Installation

This page explains how to install the library. We assume that you have a basic understanding of the Python programming language and are familiar with machine learning models. Using Docker is optional but not required.

Prerequisites

Before installing the library, ensure that you meet the following requirements:

An operating system with glibc >= 2.31. Triton Inference Server and PyTriton have only been rigorously tested on Ubuntu 20.04. Other supported operating systems include Ubuntu 20.04+, Debian 11+, Rocky Linux 9+, and Red Hat Universal Base Image 9+.
Python version >= 3.8. If you are using Python 3.9+, see the section "Installation on Python 3.9+" for additional steps.
pip >= 20.3

The library can be installed in the system environment, a virtual environment, or a Docker image. NVIDIA optimized Docker images for Python frameworks can be obtained from the NVIDIA NGC Catalog. If you want to use the Docker runtime, we recommend that you install NVIDIA Container Toolkit to enable running model inference on NVIDIA GPU.

Installing using pip

You can install the package from pypi.org by running the following command:

pip install -U nvidia-pytriton

Important: The Triton Inference Server binary is installed as part of the PyTriton package.

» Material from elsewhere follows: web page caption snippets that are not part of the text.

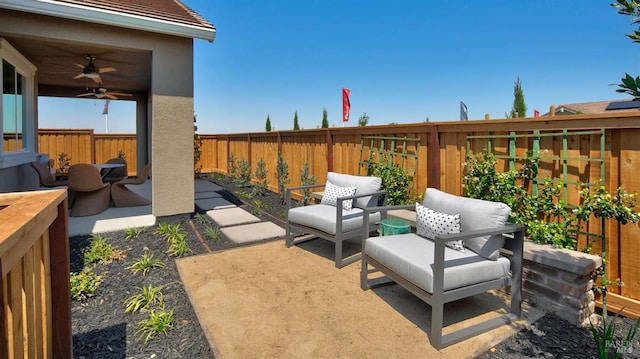 view of patio / terrace featuring ceiling fan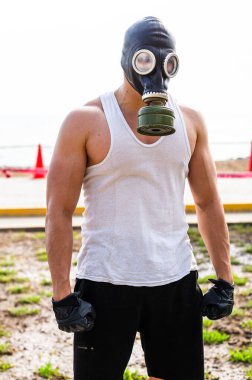 Gaz maskeli kaslı bir adam..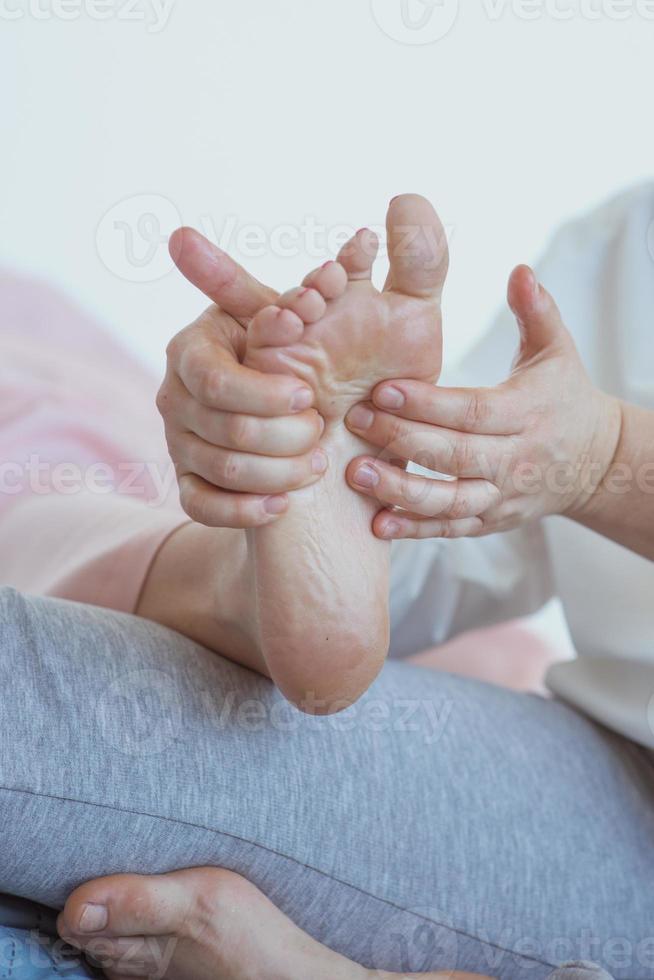 mãos fazendo massagem tailandesa nos pés. medicina alternativa e conceito de massagem tailandesa foto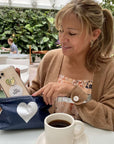 woman removing cell phone from her pouch in cafe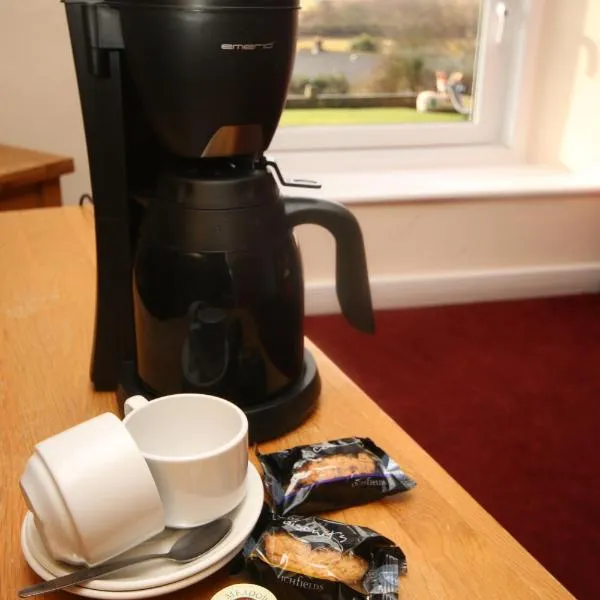 Three Wheat Heads, hotel in Thropton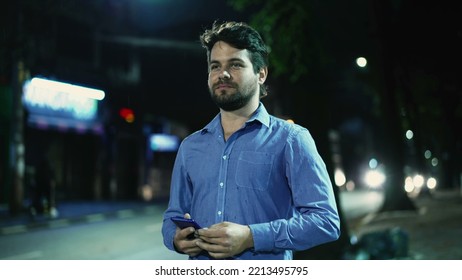 Carefree Young Man Walking In Drizzle Rain Outside At Night In City Street Sidewalk Holding Phone. Happy Guy Walks Outdoors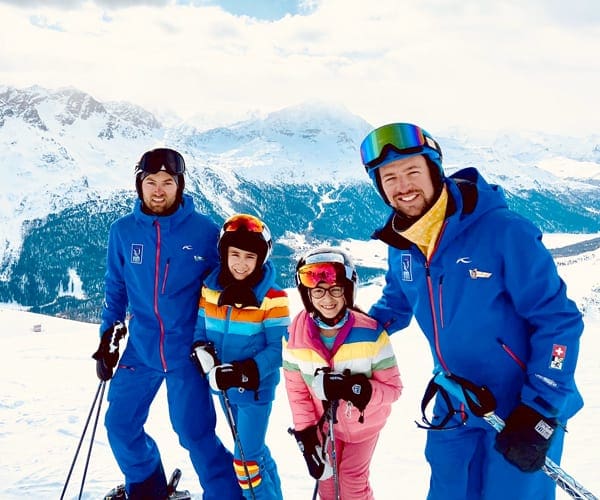 Two kids stand with ski instructors, while skiing in St. Moritz.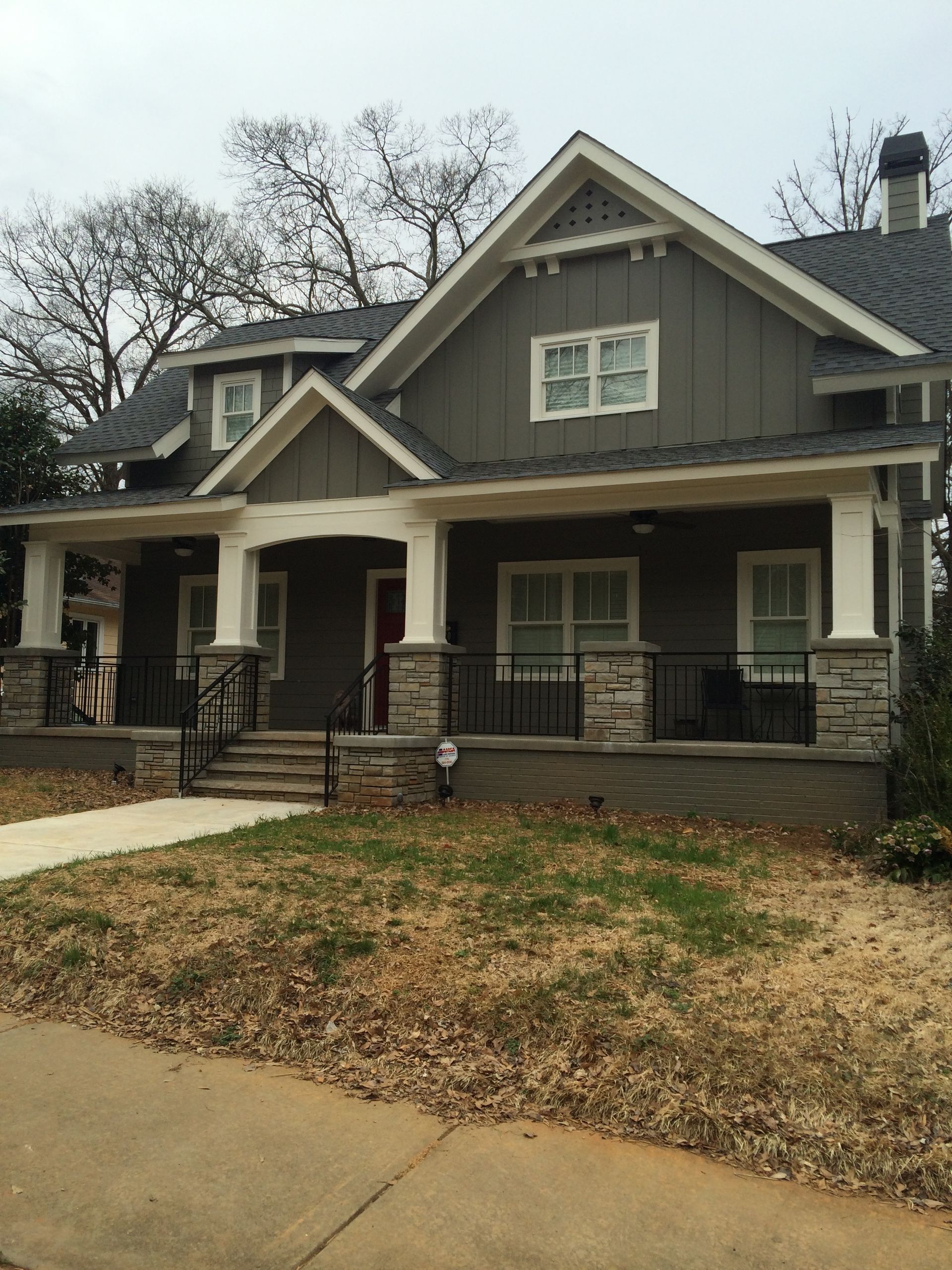A house with a large porch and a gray roof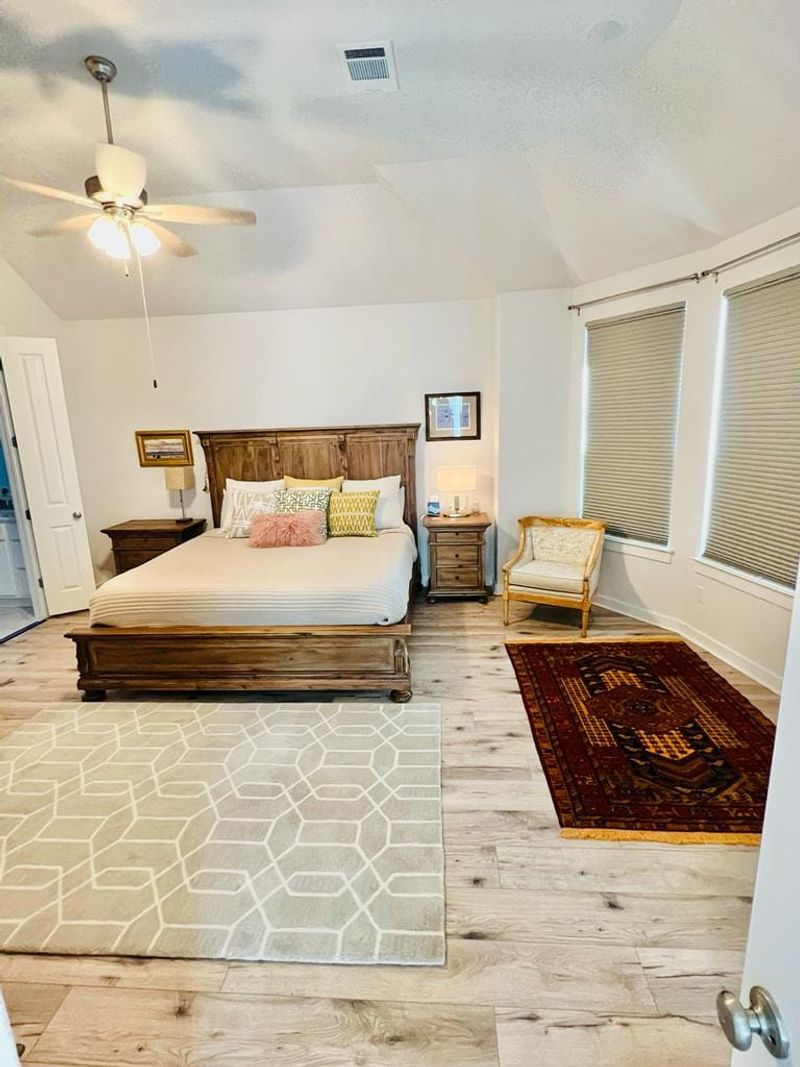 Bedroom with cordless cellular shades on two windows, vaulted ceiling, wooden bed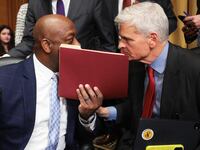 Sen. Bill Cassidy (R) (R-LA) confers with Sen. Tim Scott (C) (R-SC) after the Senate Finance Committee voted to advance the nomination of Robert F. Kennedy Jr. to be the next Secretary of Health and Human Services on February 04, 2025 in Washington, DC. The full committee voted along party lines to advance the nomination to the entire Senate for confirmation.(Photo by Win McNamee/Getty Images)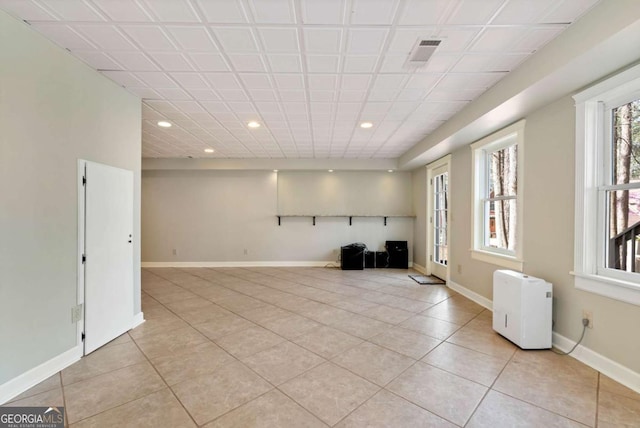 2002 Stonewick Ct, Lawrenceville, GA 30043 - unfurnished room featuring healthy amount of natural light, light tile patterned flooring, and recessed lighting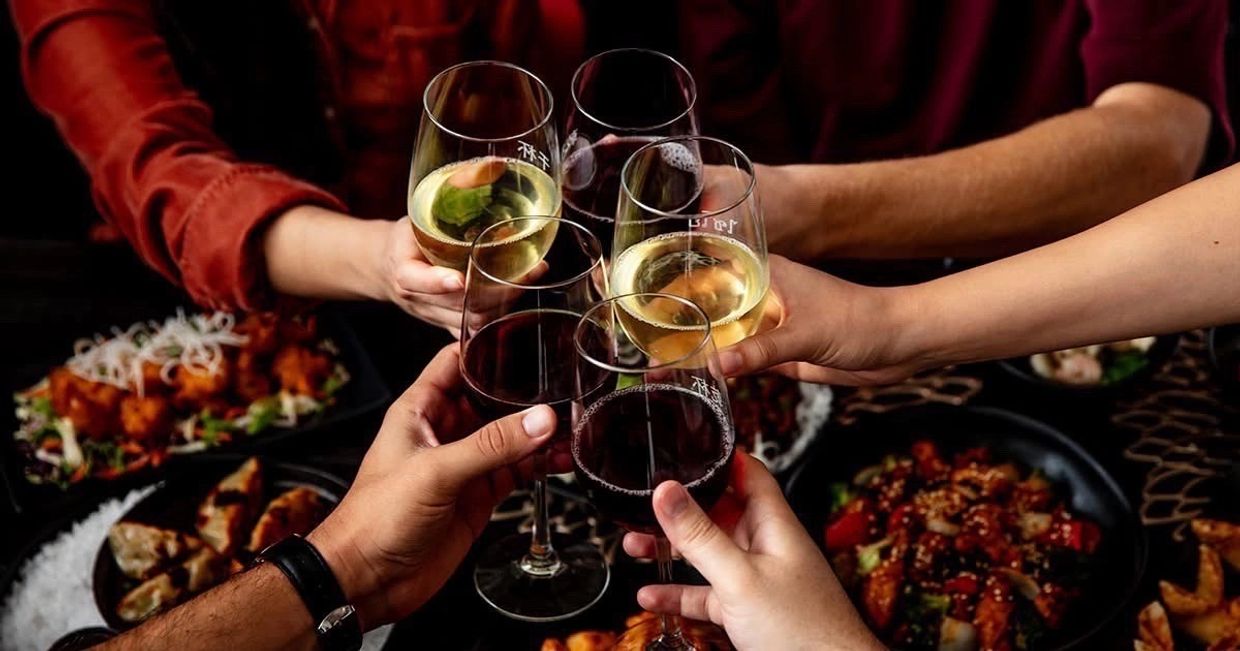 Friends clinking wine glasses over a table full of delicious food.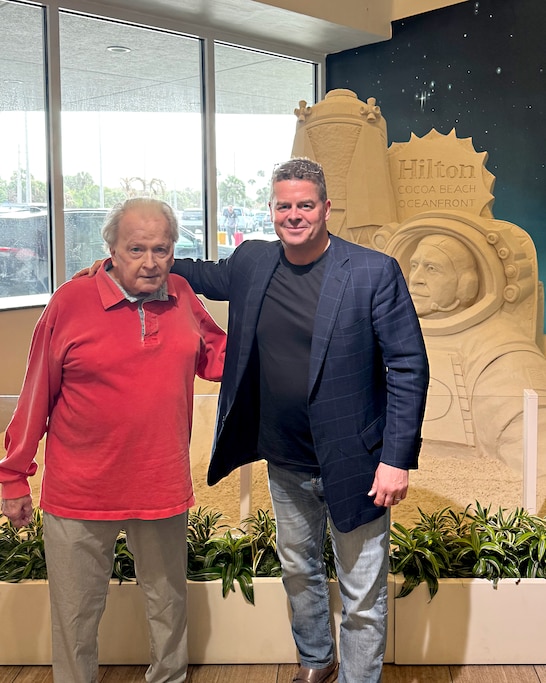 Bill Wiseman IV, left, and his older son, also named Bill, pose for a photo in front of an astronaut sand sculpture after arriving in Florida to see liftoff of Artemis II, led by Reid Wiseman.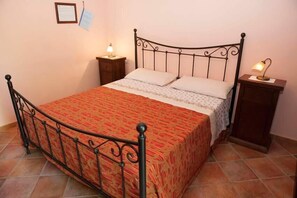 A single bed with a metal frame, a patterned bedspread, two pillows, a nightstand with a lamp, and a small cabinet. - Nel Giardino Dei Limoni (Montecorice)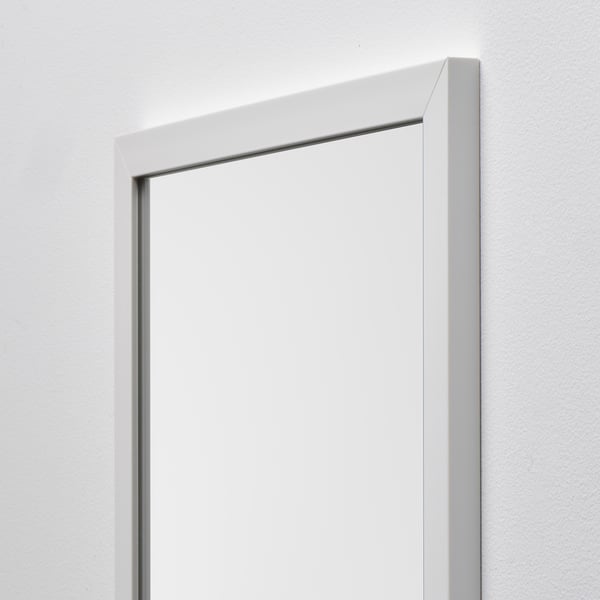 A sleek, modern mirror with a plain white frame, securely mounted on a pristine white wall, reflecting light for added depth.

Installation on Python 3.9+

The Triton Inference Server Python backend is linked to a fixed Python 3.8. Therefore, if you want to install PyTriton on a different version of Python, you need to prepare the environment for the Triton Inference Server Python backend. The environment should be located in the ~/.cache/pytriton/python_backend_interpreter directory and should contain the packages numpy~=1.21 and pyzmq~=23.0.

Using pyenv

apt update
# need git and build dependencies https://github.com/pyenv/pyenv/wiki\#suggested-build-environment
DEBIAN_FRONTEND=noninteractive apt install -y python3 python3-distutils python-is-python3 git \
    build-essential libssl-dev zlib1g-dev \
    libbz2-dev libreadline-dev libsqlite3-dev curl \
    libncursesw5-dev xz-utils tk-dev libxml2-dev libxmlsec1-dev libffi-dev liblzma-dev

# install pyenv
curl https://pyenv.run | bash
export PYENV_ROOT="$HOME/.pyenv"
command -v pyenv >/dev/null || export PATH="$PYENV_ROOT/bin:$PATH"
eval "$(pyenv init -)"

# compile python 3.8
pyenv install 3.8

# prepare venv
pyenv global 3.8
pip3 install virtualenv
mkdir -p ~/.cache/pytriton/
python -mvenv ~/.cache/pytriton/python_backend_interpreter --copies --clear
source ~/.cache/pytriton/python_backend_interpreter/bin/activate
pip3 install numpy~=1.21 pyzmq~=23.0

# recover system python
deactivate
pyenv global system

Using miniconda

apt update
apt install -y python3 python3-distutils python-is-python3 curl

CONDA_VERSION=latest
TARGET_MACHINE=x86_64
curl "https://repo.anaconda.com/miniconda/Miniconda3-${CONDA_VERSION}-Linux-${TARGET_MACHINE}.sh" --output miniconda.sh

sh miniconda.sh -b -p ~/.cache/conda
rm miniconda.sh
~/.cache/conda/bin/conda create -y -p ~/.cache/pytriton/python_backend_interpreter python=3.8 numpy~=1.21 pyzmq~=23.0

Building binaries from source

The binary package can be built from the source, allowing access to unreleased hotfixes, the ability to modify the PyTriton code, and compatibility with various Triton Inference Server versions, including custom server builds. For further information on building the PyTriton binary, refer to the Building page.